Global Commission on the Stability of Cyberspace (GCSC): One of the newer efforts to shape cyber norms is the GCSC. An effort technically outside official policy channels, the GCSC gains legitimacy through the credentials of its Commissioners, its multistakeholder make-up, and a bureaucratic maze of processes and consultation mechanisms including several Research Advisory Groups (RAGs). It has yet to be seen how impactful this group will be, however similar efforts in other areas have progressed the discussion, such as the Canberra Commission on the Elimination of Nuclear Weapons.
A carry over from work at the 2015 Global Conference on CyberSpace (GCCS) and the 2017 UNGGE, the first declaration of the Commission has been a call to protect the ‘public core’ of the Internet. This declaration directly involves the wider technical community, and with the current vague definition of the public core, it is particular important that the community enters the conversation as an equal partner to help ensure such conceptualizations are informed by the technical realities of how the Internet functions.
The technical and policy communities are often characterized as at opposite ends of the spectrum, with differing goals, approaches, working methods, and often with mutual distrust if not disdain. While there is a value to distinction, if not occasional isolation, like with all things Internet the interdependence of the ecosystem necessitates that the communities communicate.
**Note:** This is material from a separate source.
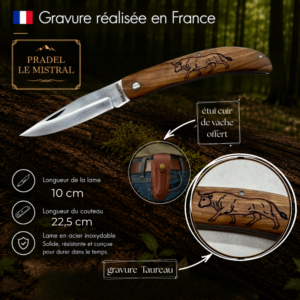 Couteau de poche Pradel le Mistral avec gravure laser TAUREAU ref 1004Taureau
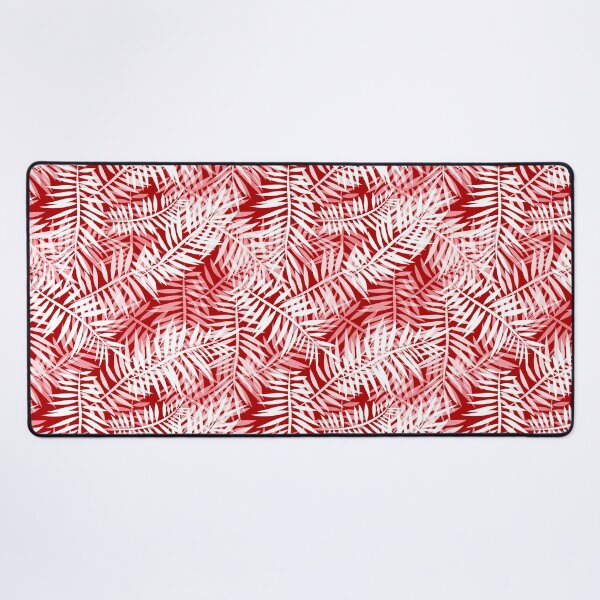 Item preview, Palm leaves white and red retro tropical pattern designed and sold by fuzzyfox.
Whatever the starting point or perspective, at some point in their lifecycle, policy will impact the development, application, and functioning of technology and conversely the technical realities of the Internet will empower or limit the ability of policy to function as intended.
The incident response community in particular has quite a bit at stake in these efforts. In policy discussions incident response teams, national CERTs in particular, have occasionally been characterized as a mythical cure-all to domestically build resilience across the board and as a confidence building measure (CBMs) internationally. This is harmful, placing unrealistic expectations on these entities and ignoring the complexity of the technical, as well as relational, reality of the security community. This effects CERTs well beyond just national teams, with poorly formed policy and norms directly impacting a CERT’s ability to act, react, share information, and potentially indirectly alter the way the Internet functions technically and even more so as an industry.
There is a mutual responsibility for both communities to engage and build an understanding of how each functions. As entities that exist in and overlap numerous different industries and sectors, Incident response teams provide a particularly useful perspective and voice. In December, FIRST hosted an Incident Response for Policymakers workshop alongside the 2017 Internet Governance Forum (IGF), an important initial foray and building on efforts started in 2014. This type of engagement will help to ensure more informed policy making, instilling a do-no-harm approach to what works and encouraging effective efforts to build an enabling environment where the Internet can reach its full potential. After all beyond the technology, the real value of the Internet is derived in its application, in a space where policy, society, economics, and technology all converge.
The opinions expressed are the author’s own and do not necessarily reflect the views of APNIC.